First of all, we need to answer the questions whether we plan to keep on adding new challenges and whether there's a maximum number we're targetting at.

I haven't discussed these with Bio so the views expressed here are my own.

Yes, we plan to keep on adding new challenges. We have not set a maximum number of challenges and we don't intend to do so.

So it's quite conceivable that in time, Rankk will grow quite monstrous with very many challenges. Will it crumple under its very own weight?

Here are some potential problems:

1) New comers may get discouraged or overwhelmed by the sheer size, even before they start.

2) With no end-point in sight, players may lose the momentum eventually, no matter how determined they were at the beginning.

3) It becomes harder to keep track of challenges so some ideas may inevitably be duplicated.

So what are our plans to ensure that the size won't become a burden to Rankk?

Firstly, we'll be careful not to pursue a numbers' game. This means we'll need to be selective about new challenge ideas that are proposed, and only add those that are good and relevant to the site.

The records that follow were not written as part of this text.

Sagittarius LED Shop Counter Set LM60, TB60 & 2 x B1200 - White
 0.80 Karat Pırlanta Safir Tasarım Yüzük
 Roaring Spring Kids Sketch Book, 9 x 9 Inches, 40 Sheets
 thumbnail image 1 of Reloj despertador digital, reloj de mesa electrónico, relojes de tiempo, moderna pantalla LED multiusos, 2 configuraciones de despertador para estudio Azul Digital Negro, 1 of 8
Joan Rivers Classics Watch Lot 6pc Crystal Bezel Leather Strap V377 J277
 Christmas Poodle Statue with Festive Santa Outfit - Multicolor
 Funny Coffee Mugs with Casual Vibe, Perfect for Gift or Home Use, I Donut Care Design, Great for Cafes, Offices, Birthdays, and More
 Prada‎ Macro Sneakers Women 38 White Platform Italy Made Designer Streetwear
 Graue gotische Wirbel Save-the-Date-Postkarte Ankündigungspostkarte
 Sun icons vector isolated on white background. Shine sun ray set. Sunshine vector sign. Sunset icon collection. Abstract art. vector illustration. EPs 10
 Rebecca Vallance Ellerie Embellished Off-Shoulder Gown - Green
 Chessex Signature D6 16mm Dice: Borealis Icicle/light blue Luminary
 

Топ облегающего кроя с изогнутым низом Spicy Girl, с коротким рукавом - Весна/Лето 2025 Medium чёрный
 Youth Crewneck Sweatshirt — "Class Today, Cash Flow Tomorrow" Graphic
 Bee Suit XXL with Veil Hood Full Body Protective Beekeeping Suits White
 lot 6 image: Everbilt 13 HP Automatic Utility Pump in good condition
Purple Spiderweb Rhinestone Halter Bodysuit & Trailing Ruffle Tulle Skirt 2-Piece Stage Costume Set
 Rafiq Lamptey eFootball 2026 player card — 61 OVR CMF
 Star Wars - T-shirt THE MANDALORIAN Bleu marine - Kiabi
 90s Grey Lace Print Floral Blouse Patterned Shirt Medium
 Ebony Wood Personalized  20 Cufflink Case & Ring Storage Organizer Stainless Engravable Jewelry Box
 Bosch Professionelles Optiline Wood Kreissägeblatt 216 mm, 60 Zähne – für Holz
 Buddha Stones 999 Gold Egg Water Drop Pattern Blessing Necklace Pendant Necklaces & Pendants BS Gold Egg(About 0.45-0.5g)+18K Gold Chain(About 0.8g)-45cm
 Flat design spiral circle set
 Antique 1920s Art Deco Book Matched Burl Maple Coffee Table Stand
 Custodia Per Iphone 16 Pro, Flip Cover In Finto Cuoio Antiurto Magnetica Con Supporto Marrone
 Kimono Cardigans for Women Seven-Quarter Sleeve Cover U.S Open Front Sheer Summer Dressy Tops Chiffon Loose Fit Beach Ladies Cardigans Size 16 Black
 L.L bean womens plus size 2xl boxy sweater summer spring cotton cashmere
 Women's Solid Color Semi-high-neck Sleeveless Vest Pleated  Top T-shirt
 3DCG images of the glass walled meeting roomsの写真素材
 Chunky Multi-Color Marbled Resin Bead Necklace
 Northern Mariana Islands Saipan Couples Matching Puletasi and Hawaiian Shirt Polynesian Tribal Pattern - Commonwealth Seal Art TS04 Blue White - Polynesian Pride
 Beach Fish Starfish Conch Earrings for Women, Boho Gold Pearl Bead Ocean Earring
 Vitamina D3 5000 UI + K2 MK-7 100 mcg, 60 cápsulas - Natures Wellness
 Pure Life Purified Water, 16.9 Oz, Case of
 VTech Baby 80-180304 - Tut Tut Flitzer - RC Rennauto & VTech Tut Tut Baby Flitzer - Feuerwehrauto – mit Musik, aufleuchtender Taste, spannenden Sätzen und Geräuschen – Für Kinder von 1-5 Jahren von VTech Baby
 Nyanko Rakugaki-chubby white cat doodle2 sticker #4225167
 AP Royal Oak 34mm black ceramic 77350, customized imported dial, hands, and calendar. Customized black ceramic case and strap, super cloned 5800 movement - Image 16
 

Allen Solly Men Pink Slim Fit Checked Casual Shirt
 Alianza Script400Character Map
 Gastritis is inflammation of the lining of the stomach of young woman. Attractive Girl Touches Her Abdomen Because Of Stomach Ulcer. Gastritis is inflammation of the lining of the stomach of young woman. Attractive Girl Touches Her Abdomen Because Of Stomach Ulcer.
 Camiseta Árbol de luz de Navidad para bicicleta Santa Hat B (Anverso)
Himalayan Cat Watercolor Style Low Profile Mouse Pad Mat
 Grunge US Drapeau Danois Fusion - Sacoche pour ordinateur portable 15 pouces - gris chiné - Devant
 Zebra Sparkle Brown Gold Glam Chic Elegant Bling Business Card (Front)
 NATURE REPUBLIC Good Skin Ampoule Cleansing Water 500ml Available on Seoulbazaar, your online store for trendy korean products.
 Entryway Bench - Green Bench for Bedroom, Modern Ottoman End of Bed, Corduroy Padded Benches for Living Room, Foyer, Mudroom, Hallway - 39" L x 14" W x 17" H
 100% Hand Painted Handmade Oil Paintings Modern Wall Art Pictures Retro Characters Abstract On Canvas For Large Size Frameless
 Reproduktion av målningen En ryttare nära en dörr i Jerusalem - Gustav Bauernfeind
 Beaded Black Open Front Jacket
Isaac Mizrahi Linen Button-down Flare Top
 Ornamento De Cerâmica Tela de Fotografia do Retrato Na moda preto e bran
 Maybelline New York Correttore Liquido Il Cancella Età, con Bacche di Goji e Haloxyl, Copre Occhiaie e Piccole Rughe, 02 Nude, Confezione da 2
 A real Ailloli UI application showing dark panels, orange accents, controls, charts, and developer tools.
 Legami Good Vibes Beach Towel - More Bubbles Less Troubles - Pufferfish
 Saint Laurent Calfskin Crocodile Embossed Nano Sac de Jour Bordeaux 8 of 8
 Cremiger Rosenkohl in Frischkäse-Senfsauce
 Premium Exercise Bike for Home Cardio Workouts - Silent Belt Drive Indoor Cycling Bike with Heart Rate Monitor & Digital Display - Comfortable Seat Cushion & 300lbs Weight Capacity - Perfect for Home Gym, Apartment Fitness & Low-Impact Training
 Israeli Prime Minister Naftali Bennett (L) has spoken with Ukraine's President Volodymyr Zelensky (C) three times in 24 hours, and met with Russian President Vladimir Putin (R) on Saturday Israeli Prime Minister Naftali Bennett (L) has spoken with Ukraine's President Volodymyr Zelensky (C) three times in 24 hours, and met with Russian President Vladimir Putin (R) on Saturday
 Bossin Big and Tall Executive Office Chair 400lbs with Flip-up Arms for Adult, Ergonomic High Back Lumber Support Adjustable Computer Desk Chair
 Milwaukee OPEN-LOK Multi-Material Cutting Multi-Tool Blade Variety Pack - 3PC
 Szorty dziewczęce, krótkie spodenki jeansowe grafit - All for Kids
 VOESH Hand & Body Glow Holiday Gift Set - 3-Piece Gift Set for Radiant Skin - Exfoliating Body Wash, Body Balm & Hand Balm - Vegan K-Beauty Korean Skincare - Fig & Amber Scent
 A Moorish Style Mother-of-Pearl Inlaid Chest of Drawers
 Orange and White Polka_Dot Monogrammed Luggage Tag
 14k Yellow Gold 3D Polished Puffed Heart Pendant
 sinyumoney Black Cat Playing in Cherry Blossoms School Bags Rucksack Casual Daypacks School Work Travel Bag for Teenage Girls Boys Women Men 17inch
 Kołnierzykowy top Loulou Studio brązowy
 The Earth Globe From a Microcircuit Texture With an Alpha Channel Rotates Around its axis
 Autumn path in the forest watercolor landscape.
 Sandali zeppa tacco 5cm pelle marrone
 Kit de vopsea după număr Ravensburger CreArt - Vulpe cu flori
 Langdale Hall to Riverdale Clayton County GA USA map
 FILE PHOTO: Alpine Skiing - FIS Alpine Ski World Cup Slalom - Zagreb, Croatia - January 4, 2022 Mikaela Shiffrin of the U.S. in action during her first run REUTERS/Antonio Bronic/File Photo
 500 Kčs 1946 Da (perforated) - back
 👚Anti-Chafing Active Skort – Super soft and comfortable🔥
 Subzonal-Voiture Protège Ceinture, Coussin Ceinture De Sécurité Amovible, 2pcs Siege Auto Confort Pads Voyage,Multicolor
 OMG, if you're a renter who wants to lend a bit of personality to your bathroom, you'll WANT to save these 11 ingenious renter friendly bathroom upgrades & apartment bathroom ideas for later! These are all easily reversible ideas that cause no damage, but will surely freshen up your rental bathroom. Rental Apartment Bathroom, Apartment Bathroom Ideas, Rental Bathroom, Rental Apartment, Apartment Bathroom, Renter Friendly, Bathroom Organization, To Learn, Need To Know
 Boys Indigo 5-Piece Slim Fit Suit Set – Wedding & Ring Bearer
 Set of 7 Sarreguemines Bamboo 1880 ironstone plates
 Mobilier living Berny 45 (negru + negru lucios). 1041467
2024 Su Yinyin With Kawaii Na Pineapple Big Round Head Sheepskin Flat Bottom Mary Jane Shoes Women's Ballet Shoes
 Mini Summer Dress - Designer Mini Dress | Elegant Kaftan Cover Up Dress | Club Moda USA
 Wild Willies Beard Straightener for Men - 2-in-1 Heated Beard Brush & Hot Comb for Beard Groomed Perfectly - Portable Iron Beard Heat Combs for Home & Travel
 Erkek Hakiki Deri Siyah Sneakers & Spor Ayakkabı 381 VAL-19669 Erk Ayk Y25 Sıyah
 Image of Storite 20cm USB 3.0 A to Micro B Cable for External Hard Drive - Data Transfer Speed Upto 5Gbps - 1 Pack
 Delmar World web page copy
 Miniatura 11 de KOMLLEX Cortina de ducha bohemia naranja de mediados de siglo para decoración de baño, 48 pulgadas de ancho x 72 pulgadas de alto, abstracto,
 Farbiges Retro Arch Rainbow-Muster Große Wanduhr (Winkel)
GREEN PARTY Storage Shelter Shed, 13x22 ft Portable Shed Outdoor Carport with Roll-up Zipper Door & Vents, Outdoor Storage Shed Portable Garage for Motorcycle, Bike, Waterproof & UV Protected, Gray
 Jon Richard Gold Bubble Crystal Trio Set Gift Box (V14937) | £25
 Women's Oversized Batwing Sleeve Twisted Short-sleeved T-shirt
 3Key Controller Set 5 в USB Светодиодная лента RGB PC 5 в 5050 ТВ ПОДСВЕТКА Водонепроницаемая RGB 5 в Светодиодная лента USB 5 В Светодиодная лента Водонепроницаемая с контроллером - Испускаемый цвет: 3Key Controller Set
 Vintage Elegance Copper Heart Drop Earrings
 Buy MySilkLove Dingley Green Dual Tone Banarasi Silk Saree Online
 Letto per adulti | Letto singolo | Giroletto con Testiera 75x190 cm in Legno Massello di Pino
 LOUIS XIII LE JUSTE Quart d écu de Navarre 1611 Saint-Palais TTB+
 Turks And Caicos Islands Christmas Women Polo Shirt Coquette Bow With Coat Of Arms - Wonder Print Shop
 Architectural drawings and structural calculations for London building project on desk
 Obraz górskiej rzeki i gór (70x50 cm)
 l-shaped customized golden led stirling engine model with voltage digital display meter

Secondly, we may need to modify the challenge listing to display only a default number of challenges so as not to "frighten off" new comers. Or we may introduce categories to the challenges and let players select what categories of challenges to display.

Thirdly, at some point in time we'll need to audit the challenges and get rid of those that are "insane" or grossly unpopular.

Finally, we will need to constantly make improvements and introduce new features to keep the site relevant.